* Work to be completed: Would you print the listing that follows exactly, but without its pictures?

(Input data Opens)

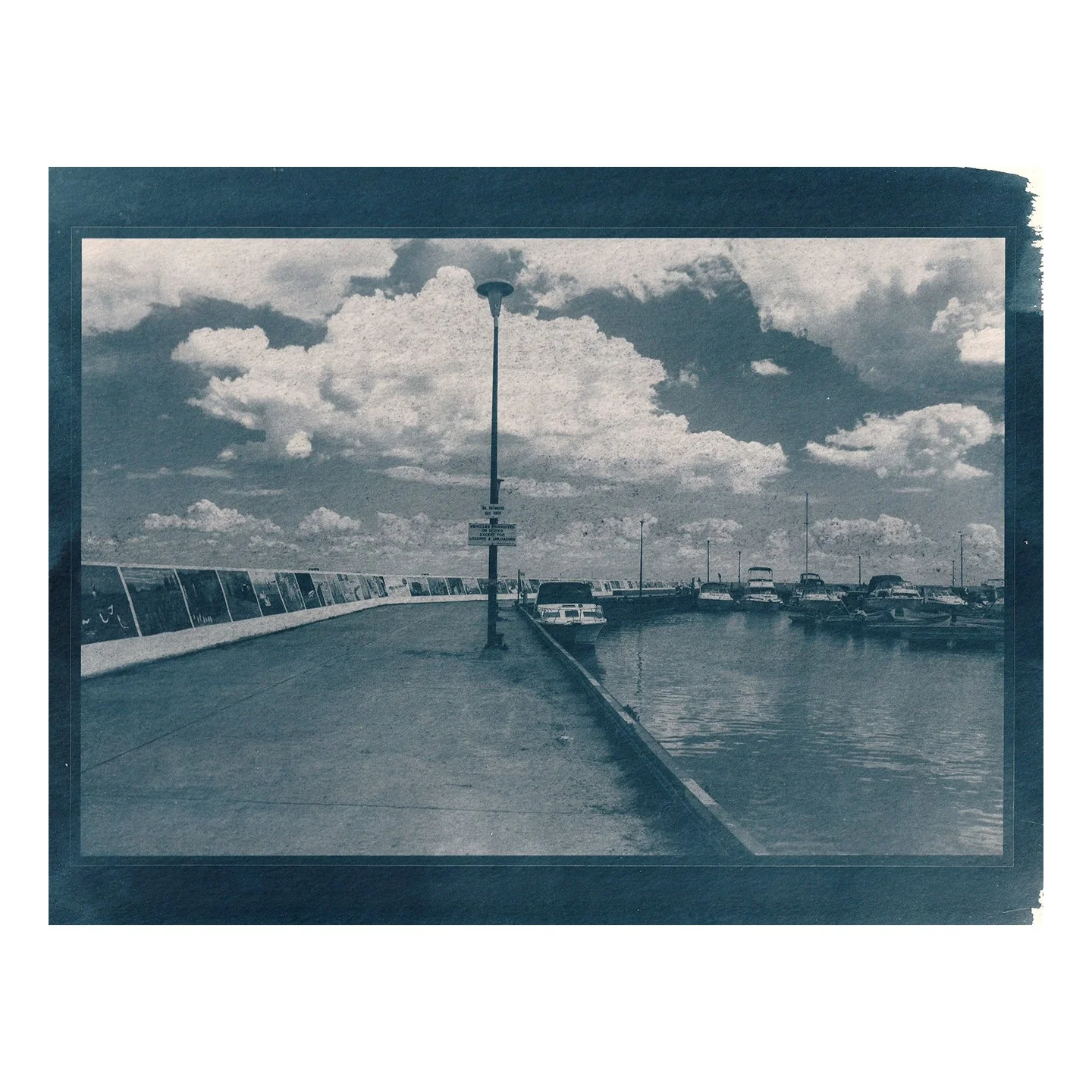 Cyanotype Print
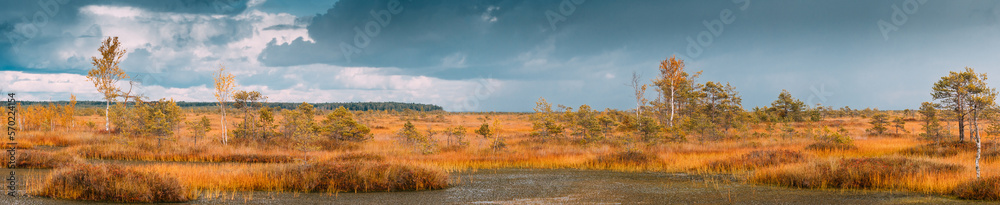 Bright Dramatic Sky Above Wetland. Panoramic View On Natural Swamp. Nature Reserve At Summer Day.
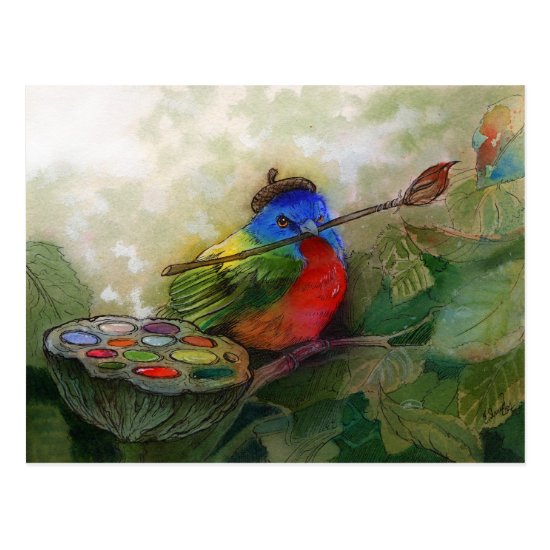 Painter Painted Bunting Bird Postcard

(Input data Closes)

* Response:
 Cyanotype Print
 Bright Dramatic Sky Above Wetland. Panoramic View On Natural Swamp. Nature Reserve At Summer Day.
 Painter Painted Bunting Bird Postcard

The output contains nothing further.